Stierheim’s scathing remarks, which reflected his grim assessment of the city’s finances in a recent memo, come at a critical time and follow a Miami Herald story of excessive spending by the mayor and other local officials. Opa-locka, which is running out of money as the fiscal year ends Sept. 30, must soon adopt a new budget and eventually come up with a long-term recovery plan.

While Stierheim stopped short of recommending that Gov. Rick Scott place Opa-locka in bankruptcy, he said in his memo that the state should provide the city and oversight board with information on how “this can legally occur.”

At Thursday’s meeting, attended by three commissioners but not the mayor, Stierheim spelled out a litany of mounting problems that have contributed to the near-collapse of one of Florida’s poorest cities — from millions in government debt to a lack of political will and professional expertise to solve the crisis.

Foremost, Stierheim told City Manager Yvette Harrell that she needs to hire a new financial director and external auditor, noting that Opa-locka’s books have not been certified since 2014. He also said other departments, especially human resources, need to be overhauled.

And, Stierheim said, the city must stop the improper practice of raiding its water and sewer department like a “cash cow” to cover huge holes in the general operating budget. The oversight board recently authorized the county’s water and sewer officials to manage the city’s utility billing program, which generates millions in revenue but fails to collect payments in a timely manner from hundreds of residential and business customers.

Overall, he said the city has no accurate accounting of its finances because of its failure to reconcile spending with expenses, forcing the oversight board to make budgetary recommendations based on estimates.

“The warning flags — the hurricane flags — were up four years ago and they were ignored, largely by the city commission,” said Stierheim, who noted in his memo that the city’s “reputation has been sullied and tarnished by allegations of gross mismanagement and scandal,” without mentioning the FBI’s three-year corruption investigation of Opa-locka’s government.

His personnel and financial recommendations were formally adopted by the oversight board on Thursday, along with a separate proposal for the city to consider hiring the county to pick up Opa-locka’s residential trash at a potentially significant savings.

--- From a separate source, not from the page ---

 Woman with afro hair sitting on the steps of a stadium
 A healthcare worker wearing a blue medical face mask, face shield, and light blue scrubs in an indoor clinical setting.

Stierheim, who has been deputized as a state inspector general, and a few members of the oversight board said they were troubled by the city commission’s decision not to select Waste Management as Opa-locka’s new waste hauler. Taylor and two other commissioners, Luis Santiago and John Riley, voted against choosing Waste Management at last week’s commission meeting. The company was recommended by the city manager and a staff selection committee over three competitors.

When casting her vote, Taylor did not disclose that her son, Corleon Taylor, works as a dispatcher for the city’s current trash contractor, Universal Waste Services. The firm had filed a bid protest before losing the contract and also owes Opa-locka’s government hundreds of thousands of dollars.

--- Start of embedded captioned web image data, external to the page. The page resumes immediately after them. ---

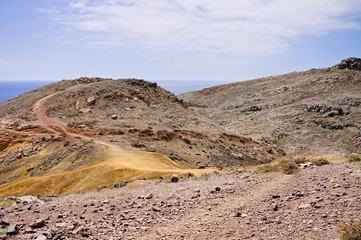 Hike pathways with red and yellow sand near the Atlantic Ocean (Madeira, Portugal, Europe) 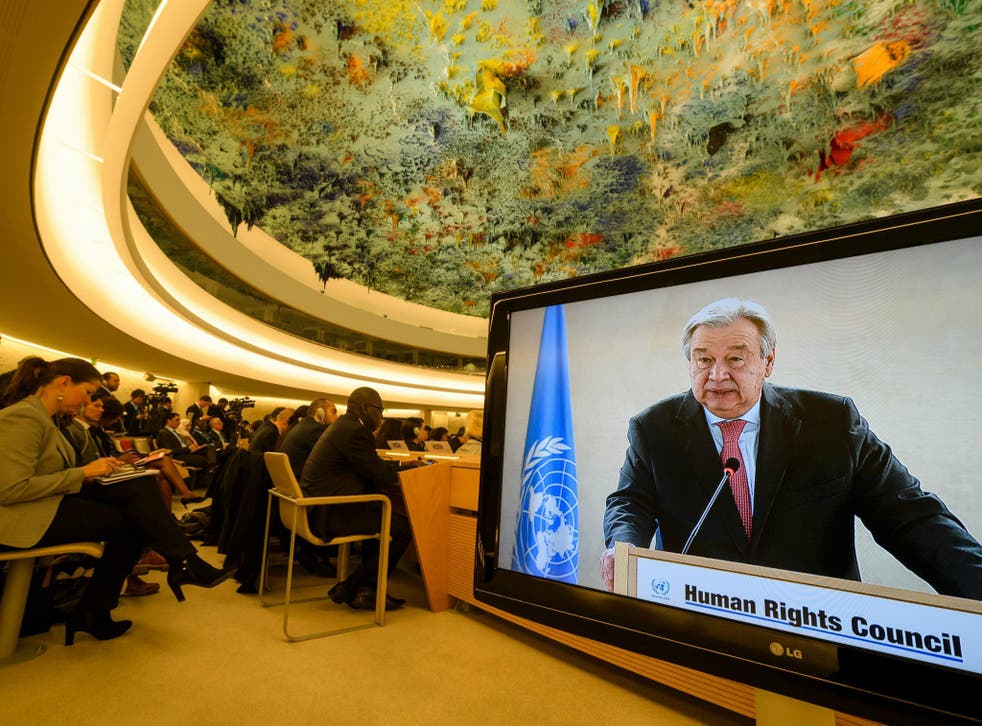 UN Secretary-General Antonio Guterres is seen on a TV screen while addressing the United Nations Human Rights Council in Geneva. Nine members of the Council have been found as human rights violators.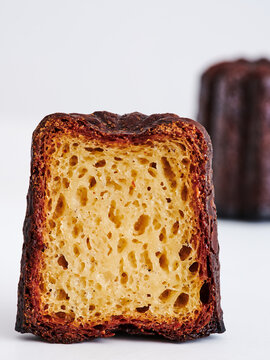 A freshly cut pastry reveals its fluffy, light interior contrasted with a beautifully caramelized exterior. The details highlight the intricate texture and appealing color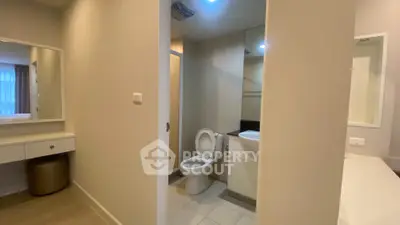 Modern bathroom with sleek design and vanity area in a stylish apartment
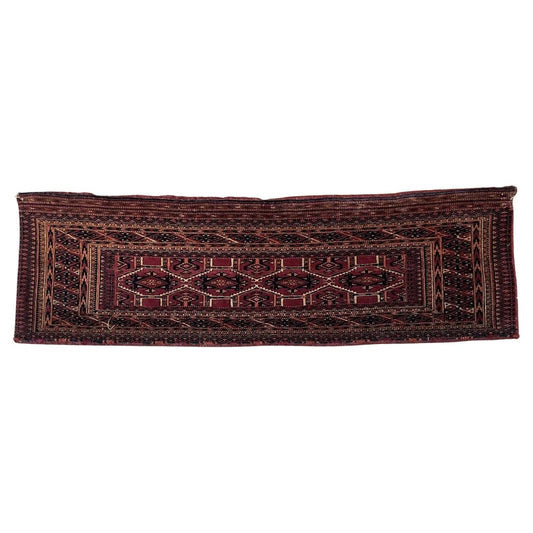 Close-up of antique Turkmen Yomud rug with intricate red and black patterns
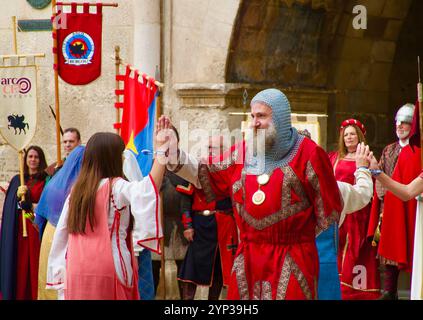 Partecipanti alle feste El Cid con costumi medievali che ballano di fronte all'Arco di Santa Maria, alle porte della città di Burgos Castiglia e León Spagna Europa Foto Stock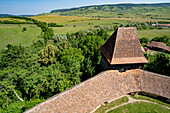 Dach der befestigten sächsischen Kirche von Viscri mit ihrer Steinmauer und Überblick über das Dorf; Viscri, Kreis Brasov, Siebenbürgen, Rumänien.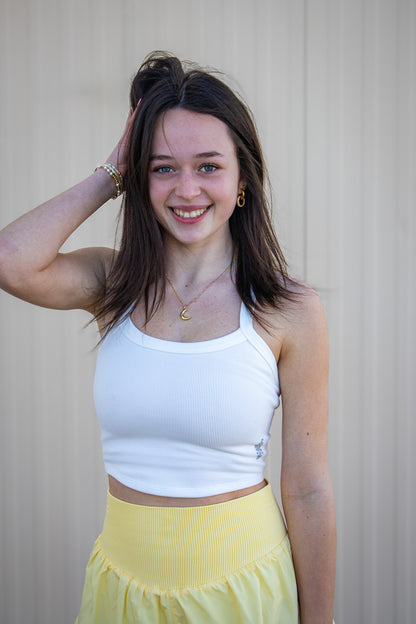 Woman wearing a white tank top and yellow athletic shorts against a plain background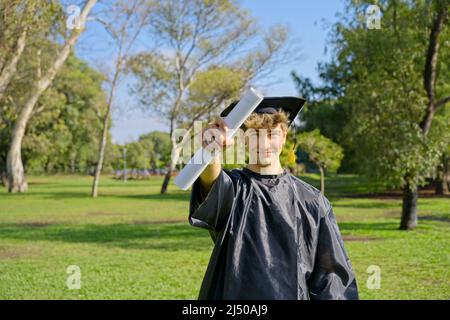 Young recent graduate boy, dressed in cap and gown, showing off his degree, celebrating on campus at the university. Very happy expression, achievemen Stock Photo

On Wednesday, the mayor and fellow commissioners Santiago, Riley and Joseph Kelley voted to extend Universal’s contract for 120 days so the city’s garbage would continue to be picked up after the fiscal year ends. The extension also allowed the city manager more time to evaluate the trash-hauling bids.

Melinda Miguel, the state’s chief inspector general who heads the oversight board, said the commission’s decision not to select Waste Management was suspicious and costly. She noted that the firm was willing to advance the city $1 million in franchise fees from commercial trash pickups — critical funds that would have helped Opa-locka at the start of a new fiscal year.

“It seems like a procurement [decision] that’s been derailed, and it causes me discomfort,” said Miguel, who noted a “relationship” issue between the city and Universal without mentioning the mayor or her son by name.